LONDON (Reuters) — Britain's jobless rate fell unexpectedly in the three months to February and employment rose, a sign that companies are feeling more confident about hiring.
The figures will come as welcome news to the government, which is banking on the private sector to create jobs and help fill the gap created by public spending cuts. However, weaker wage growth spelled bad news for squeezed households.
``The U.K. labor market recovery is looking a bit healthier,'' said Vicky Redwood of Capital Economics. ``But the continued falls in real pay do not bode well for consumer spending.''
The Office for National Statistics said the number of people without a job on the broad ILO measure fell by 17,000 in the three months to February to 2.48 million. That reduced the jobless rate to 7.8 per cent, below forecasts for a reading of eight per cent.

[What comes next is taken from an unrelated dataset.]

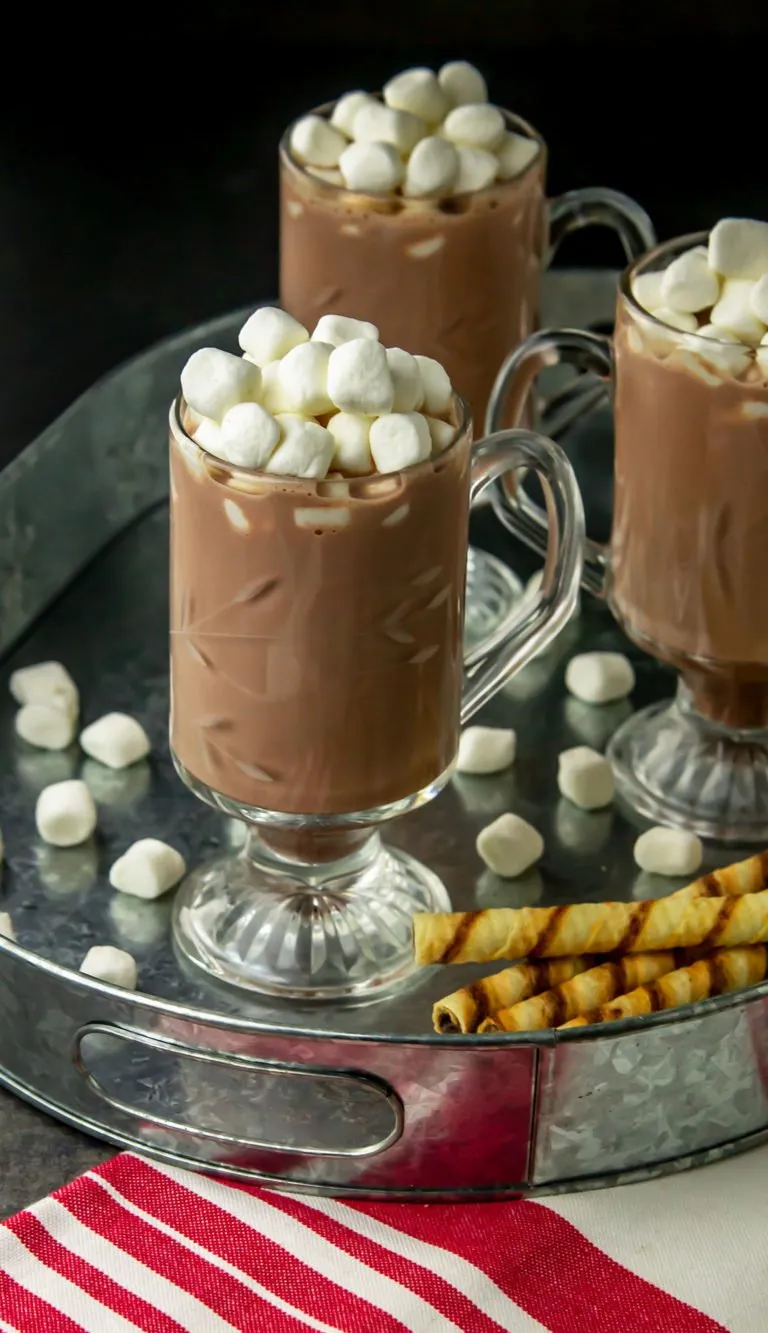 Three glass mugs of iced hot chocolate topped with marshmallows on a metal tray, with scattered marshmallows and wafer sticks nearby.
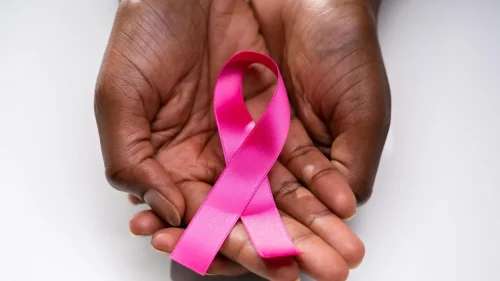 image Black hands hold a breast cancer awareness ribbon (Adobe Stock)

It was the first fall in both the actual number out of work and rate of unemployment since last September.
The number of people in employment also rose by 143,000 in the three months to February — the biggest increase since last September and driven by the biggest rise in the number of people in full-time employment since May 2007.
The overall positive tone to the data were slightly marred by a small rise of 700 in the more timely claimant count measure of unemployment for March.
Wage growth also slowed, with average weekly earnings growth including bonuses easing to two per cent from 2.3 per cent in the three months to January and well below forecasts for a rise of 2.6 per cent.
As such, the figures did little to alter expectations that the Bank of England will not rush to raise interest rates from their record low 0.5 per cent. A surprise slowdown in inflation last month all but wiped out expectations of any tightening in May and caused markets to doubt any move before August.